▶ _What the task requires_:
Print the listing below word for word, but drop any pictures it contains.
┌─ Given data
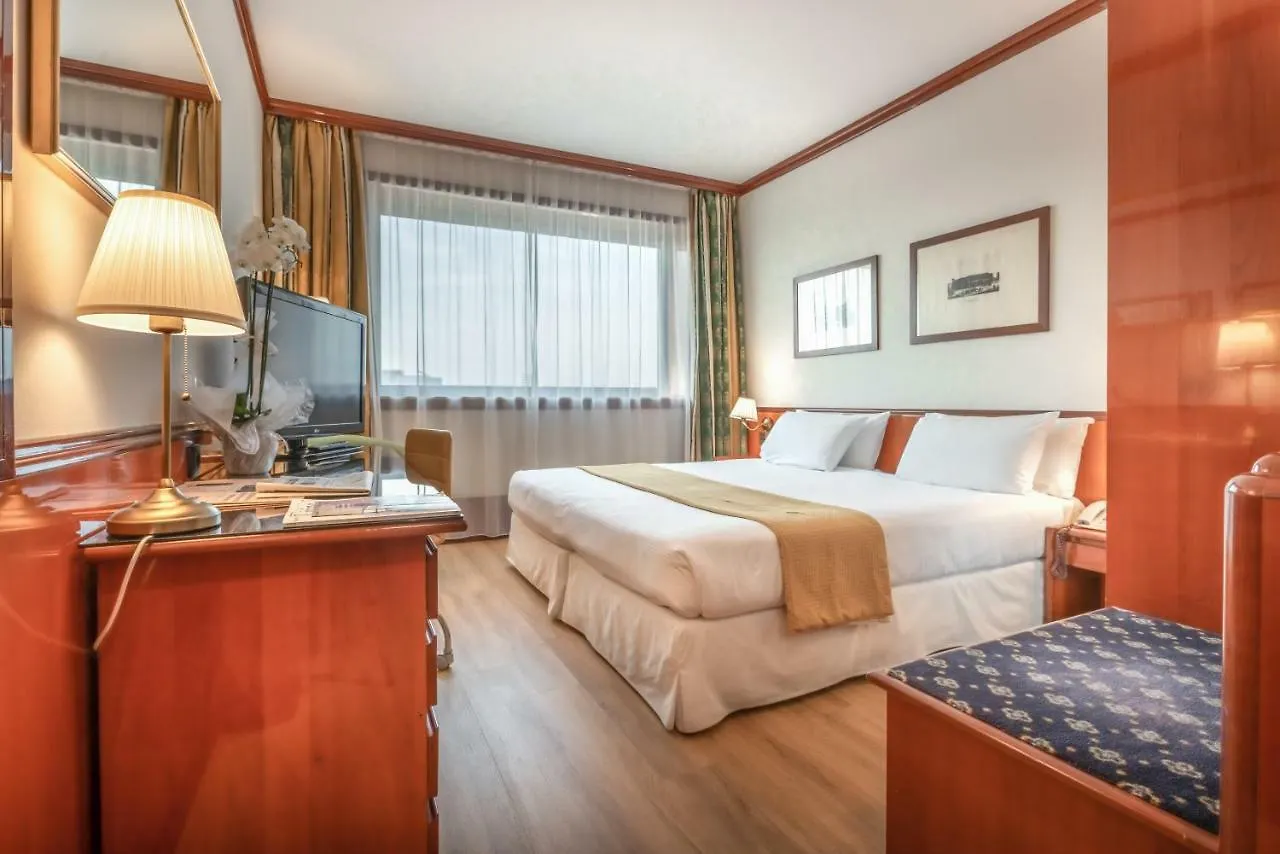 Hotel Catullo San Martino Buon Albergo 4*,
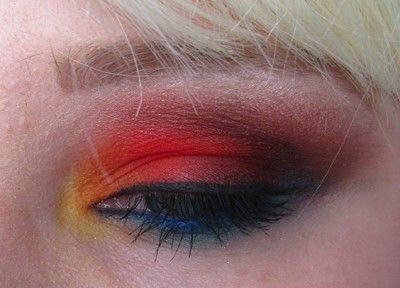 Hmmm. Derby Makeup Ideas, Eyeshadow On Blue Eyes, Blue Red Eyeshadow, Bold Red Eyeshadow, Fire Eyeshadow, Red Liquid Eyeshadow, Bout Makeup, Red Eyeshadow Grunge, Derby Makeup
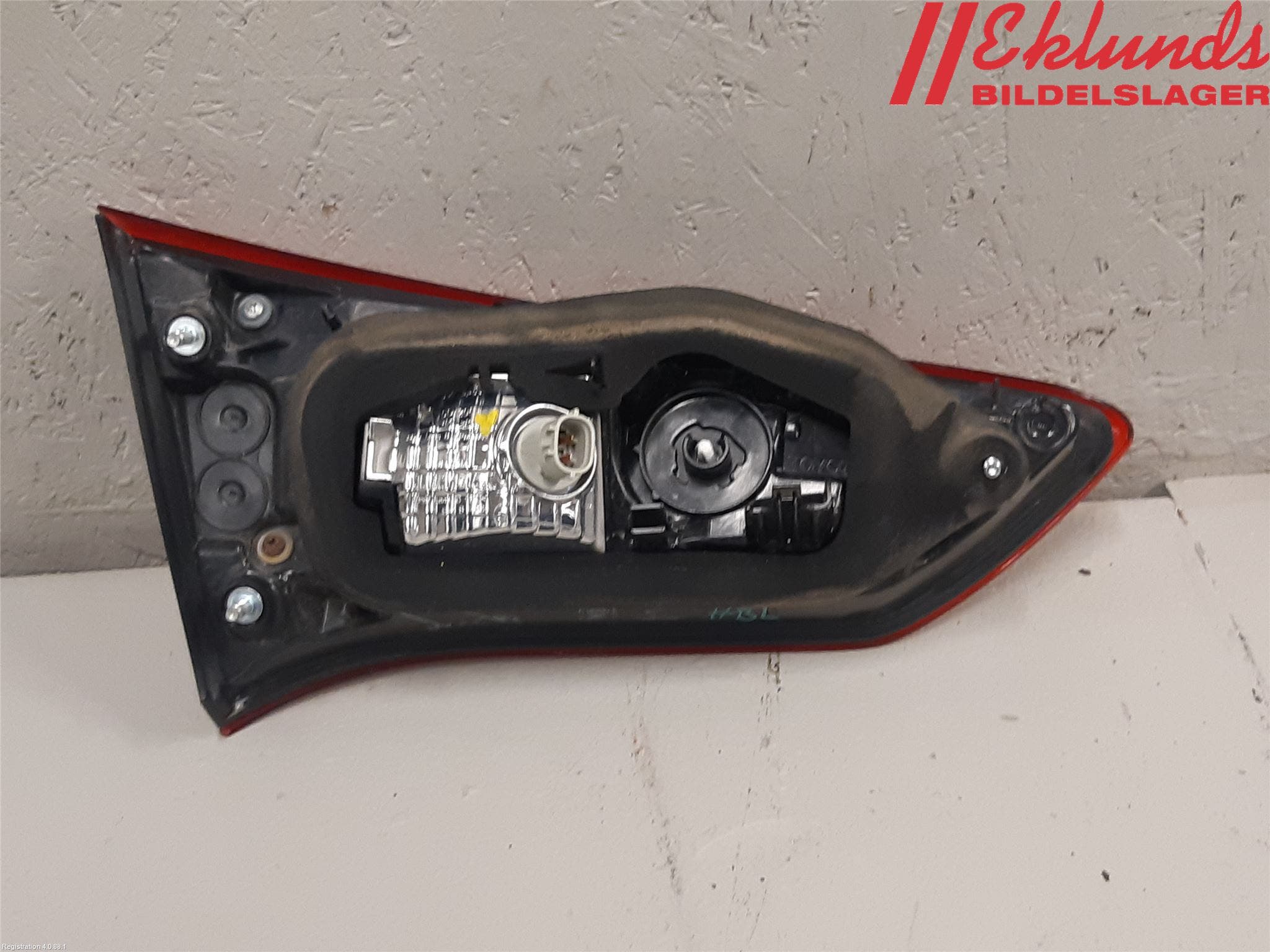 Toyota YARIS XP130 15-20 Bakljus Lucka Hö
└─
▶ _Result of this task_:
 Hotel Catullo San Martino Buon Albergo 4*,
 Hmmm. Derby Makeup Ideas, Eyeshadow On Blue Eyes, Blue Red Eyeshadow, Bold Red Eyeshadow, Fire Eyeshadow, Red Liquid Eyeshadow, Bout Makeup, Red Eyeshadow Grunge, Derby Makeup
 Toyota YARIS XP130 15-20 Bakljus Lucka Hö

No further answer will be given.